At the heart of the debate are concerns about the decision by the Mount Vernon School district to unanimously dismiss instructor John Freshwater because of reports that he had preached his Christian beliefs and had burned the image of a cross on the arms of students.
Freshwater, however, has repeatedly denied any wrongdoing, and asserts that the accusations stem largely from an incident back in April when he clashed with school officials over the right to keep a Bible on display at his desk.
"The removal of [the Bible] will be nothing short of the infringement on my deeply held religious beliefs," he said in a statement in April.
Freshwater also dismissed accusations of a supposed incident in which he burned the arms of students with "crosses" arguing that it was part of a harmless experiment in which he drew X marks to help demonstrate electrical current.
David Daubenmire, spokesman for Freshwater, said that he believes the charges against Freshwater were all motivated out of bias and prejudice. The electrical current experiment had been a part of Freshwater's curriculum for over 20 years, he explained.
"They used half-truths," Freshwater said of the investigative panel that dismissed him, according to The Associated Press.
"They didn't interview people who had been in my classroom.
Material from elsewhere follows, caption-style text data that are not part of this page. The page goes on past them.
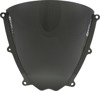 Light Smoke Corsa Windscreen For 07-08 Suzuki GSXR1000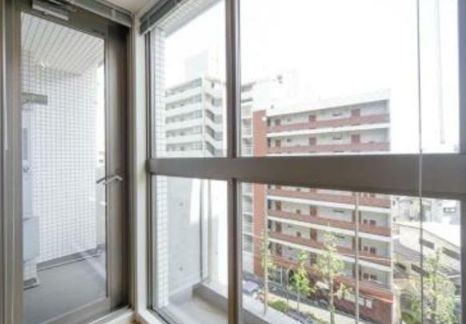 ※同仕様写真含む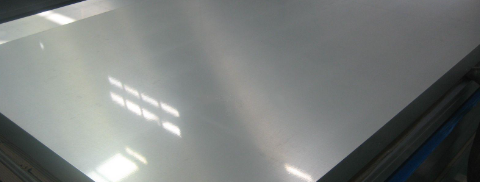 新宝GG—创立事业平台在线登录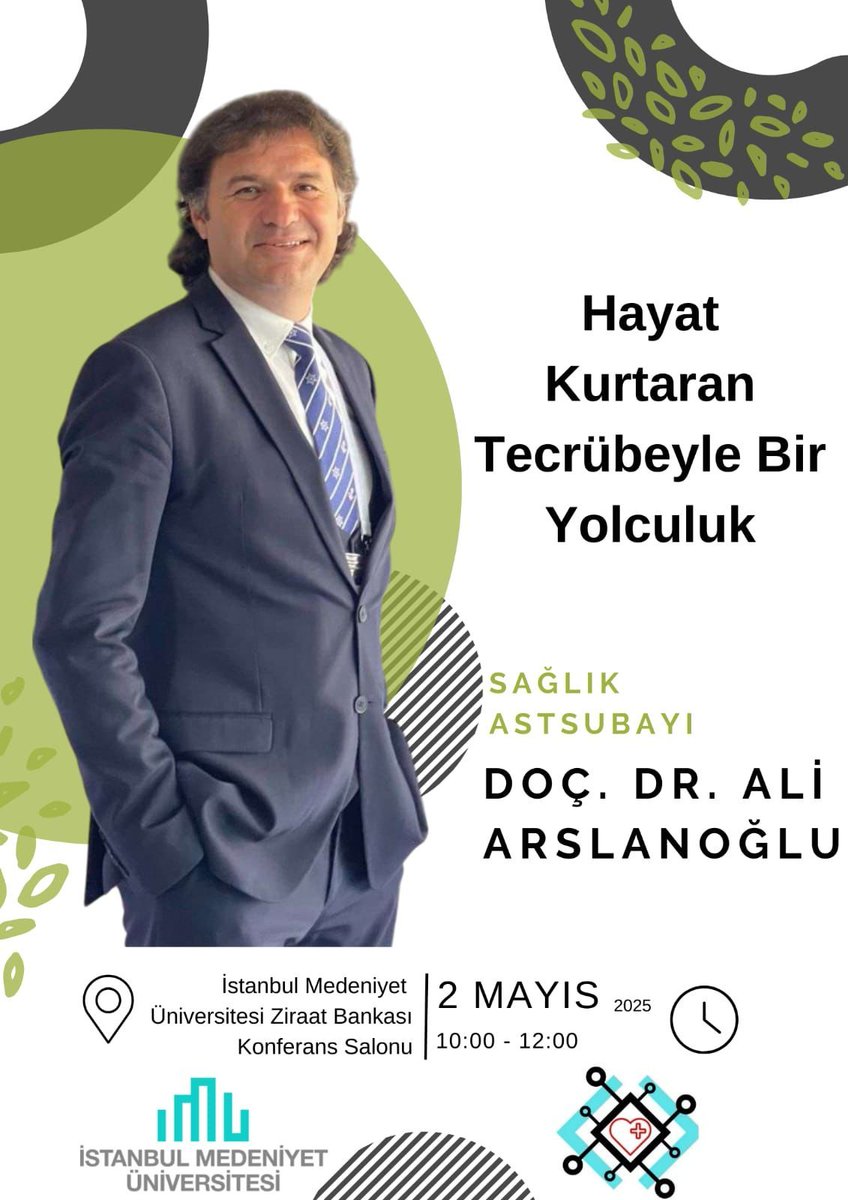 Ahmet Öztaş (@astsubaylar) on Twitter photo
Science teachers at the high school: Why would you interview them?" he asked.
Meanwhile, students at the school and people throughout the community have rallied to Freshwater's cause, arguing that his case is one of blatant religious discrimination.
Freshwater, who has had a long teaching career spanning over two decades, was described as a popular and favorite teacher by Mount Vernon students who were interviewed, according to The Associated Press.
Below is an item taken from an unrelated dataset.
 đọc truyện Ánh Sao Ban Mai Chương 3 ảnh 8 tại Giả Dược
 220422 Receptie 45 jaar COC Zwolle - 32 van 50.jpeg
Students and associates of Freshwater have all claimed that he has never once tried to preach or teach his religious beliefs while in the classroom.
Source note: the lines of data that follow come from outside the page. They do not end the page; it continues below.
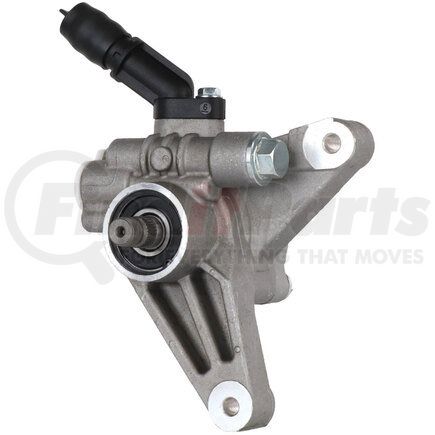 96-5442 by A-1 CARDONE - Power Steering Pump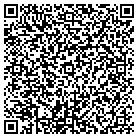 QR code with Sharp Ronald J & Assoc Inc contacts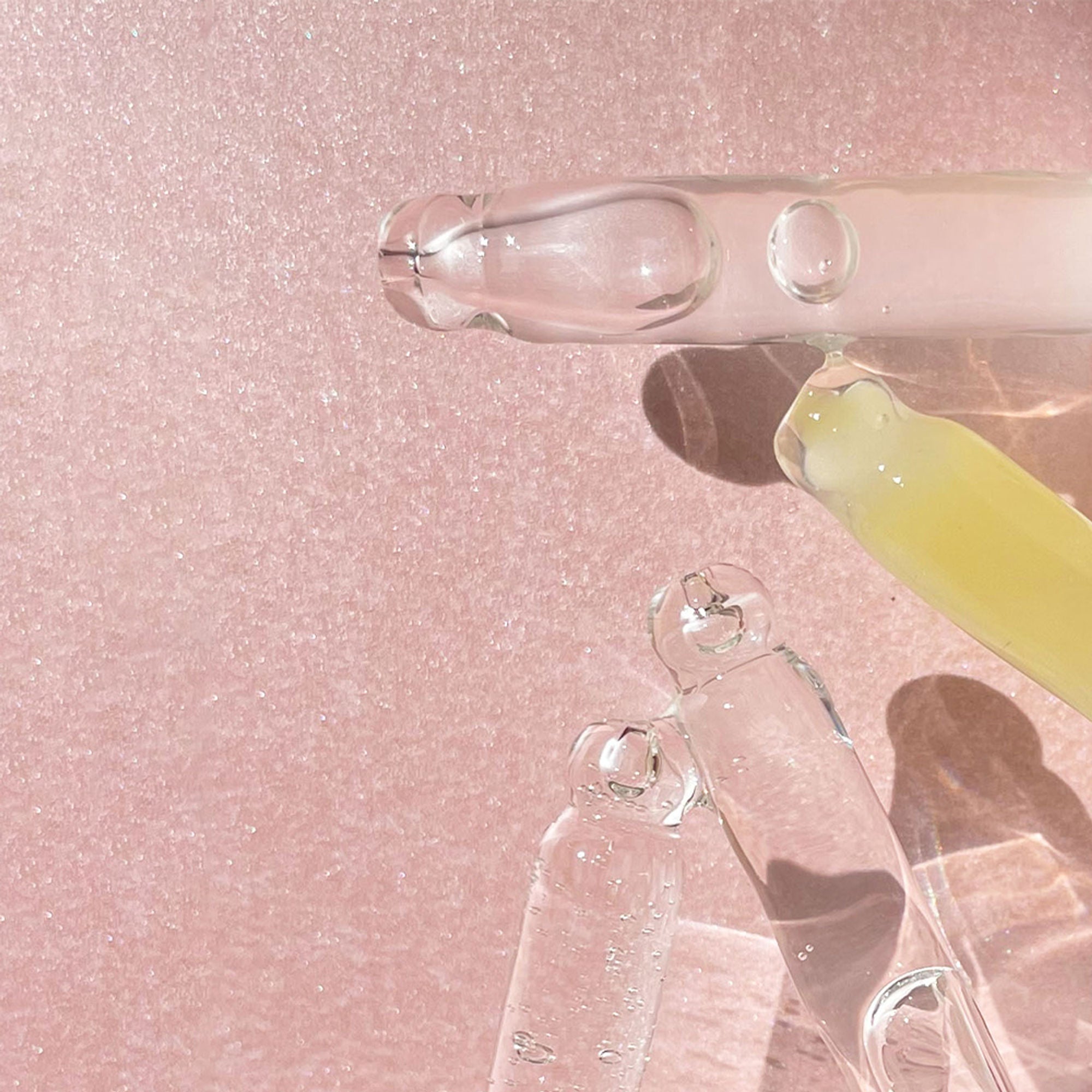 Makeup Revolution Blemish & Pore 10% Niacinamide Serum | Grocsy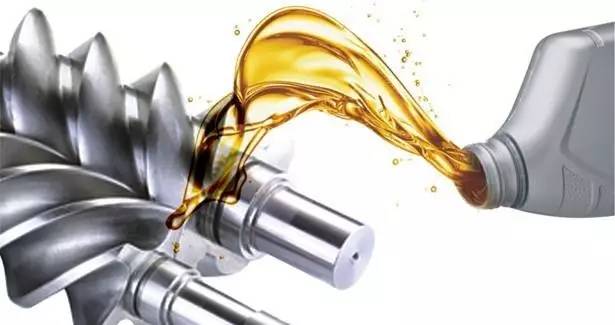 潤滑油超過保質期還能用嗎？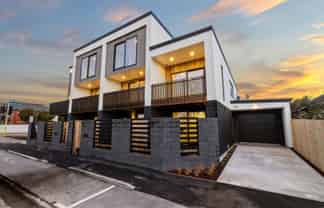 2/146 Edgeware Road, Saint Albans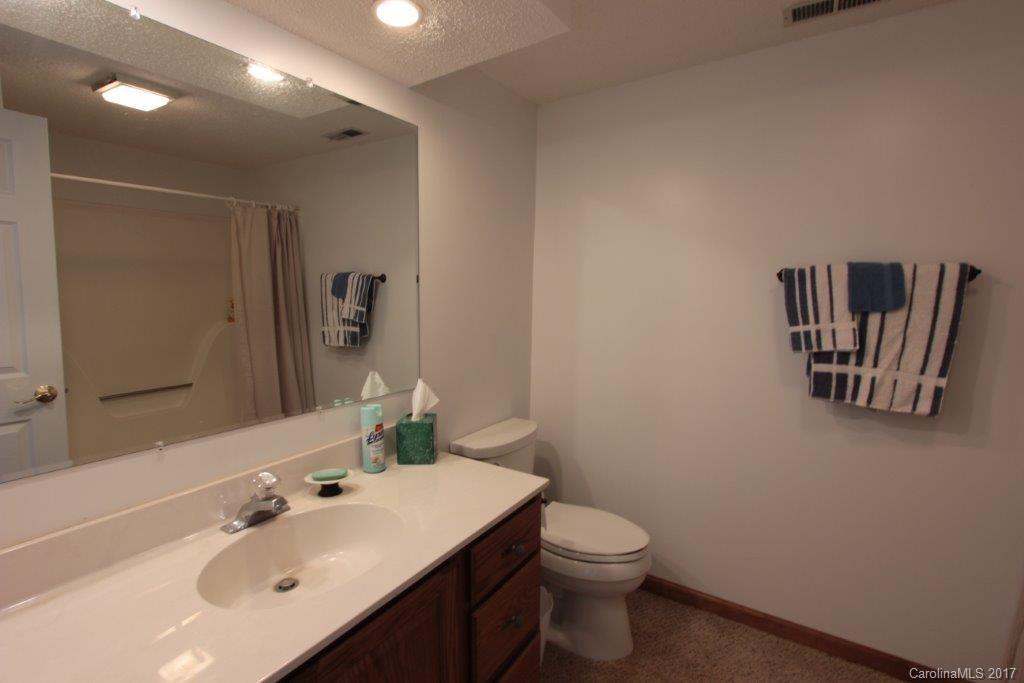 270 Burnt Ridge Road Lake Lure, NC 28746 - Photo 15 of 22 Gallery Image 15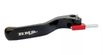 Manete De Embreagem Easy Clutch Ng Bms Ktm Husqvarna Beta Preto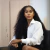 Lace Wig Tami - tienda online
"The Bible, that should be OK to have," James Mills, a former student of Freshwater, told The Associated Press concerning Freshwater's rights. "Isn't it in the Constitution that we have freedom of religion?"
Critics, however, claim that Freshwater had a history of behavior that drew complaints from both teachers and students.
"I think things were just overlooked and overlooked and overlooked and then it just came to a head," said Kelly Montgomery, who had a son enrolled in Freshwater's class a few years ago, according to AP.
"It's been terrible for the whole community," she said.
Freshwater has indicated that he intends to challenge his dismissal from the school in a hearing later this month, according to his attorney.